START Supplied entries

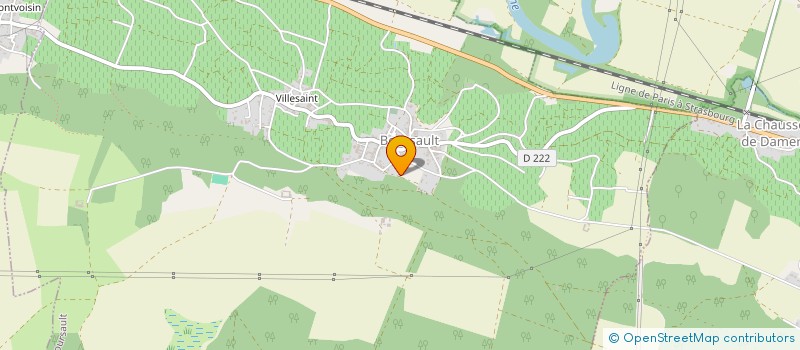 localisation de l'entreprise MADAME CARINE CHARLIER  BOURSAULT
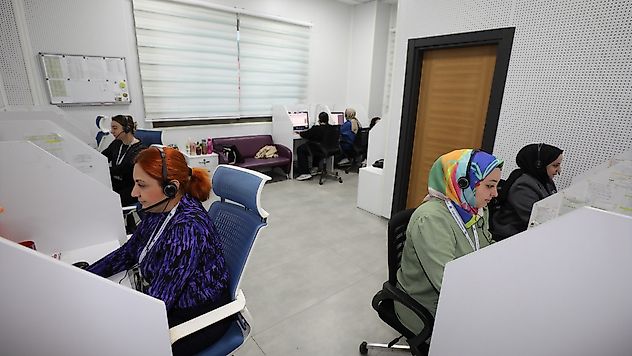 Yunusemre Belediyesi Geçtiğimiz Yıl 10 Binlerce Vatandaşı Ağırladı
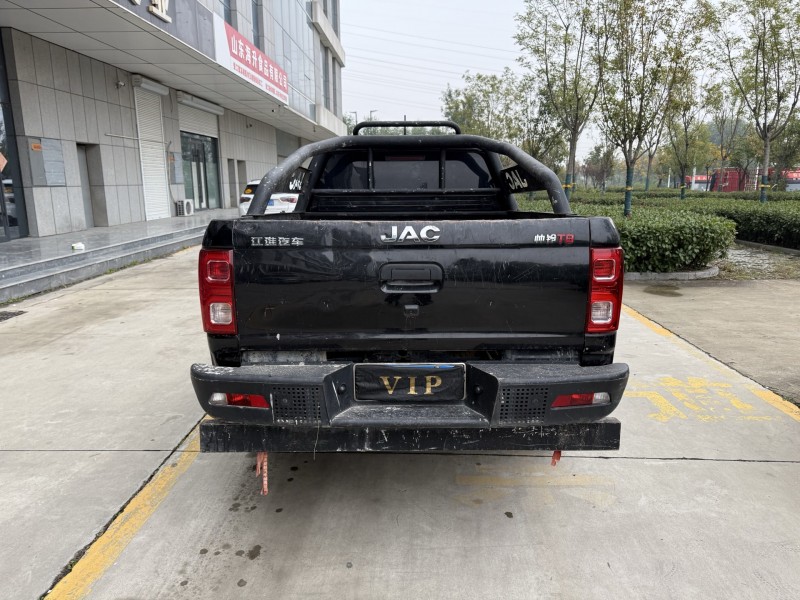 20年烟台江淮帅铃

END Supplied entries
START Supplied entries

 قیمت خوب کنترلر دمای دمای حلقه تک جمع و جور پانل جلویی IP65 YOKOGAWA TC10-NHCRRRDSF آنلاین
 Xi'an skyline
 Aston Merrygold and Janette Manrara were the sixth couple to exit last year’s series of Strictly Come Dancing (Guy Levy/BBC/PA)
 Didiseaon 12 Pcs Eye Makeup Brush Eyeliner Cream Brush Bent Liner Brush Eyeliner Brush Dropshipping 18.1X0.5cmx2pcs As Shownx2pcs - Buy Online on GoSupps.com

END Supplied entries
START Supplied entries

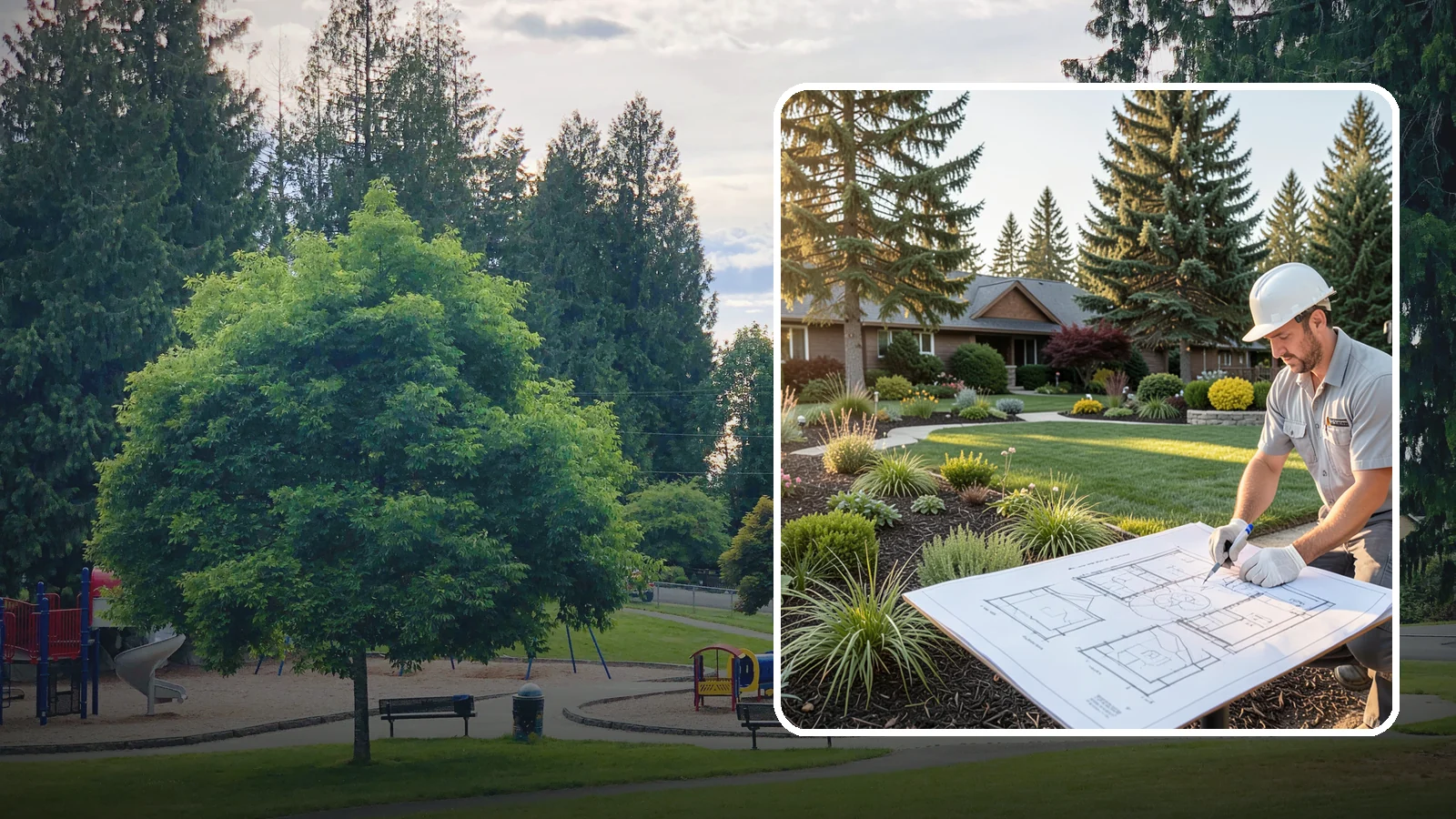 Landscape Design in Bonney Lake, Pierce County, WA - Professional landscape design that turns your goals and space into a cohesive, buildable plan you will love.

END Supplied entries

### Prompt
Copy, exactly and only, the lines above that begin with the one containing "Xi'an skyline" and finish with the one containing "Didiseaon 12 Pcs".

### Exercise solution
 Xi'an skyline
 Aston Merrygold and Janette Manrara were the sixth couple to exit last year’s series of Strictly Come Dancing (Guy Levy/BBC/PA)
 Didiseaon 12 Pcs Eye Makeup Brush Eyeliner Cream Brush Bent Liner Brush Eyeliner Brush Dropshipping 18.1X0.5cmx2pcs As Shownx2pcs - Buy Online on GoSupps.com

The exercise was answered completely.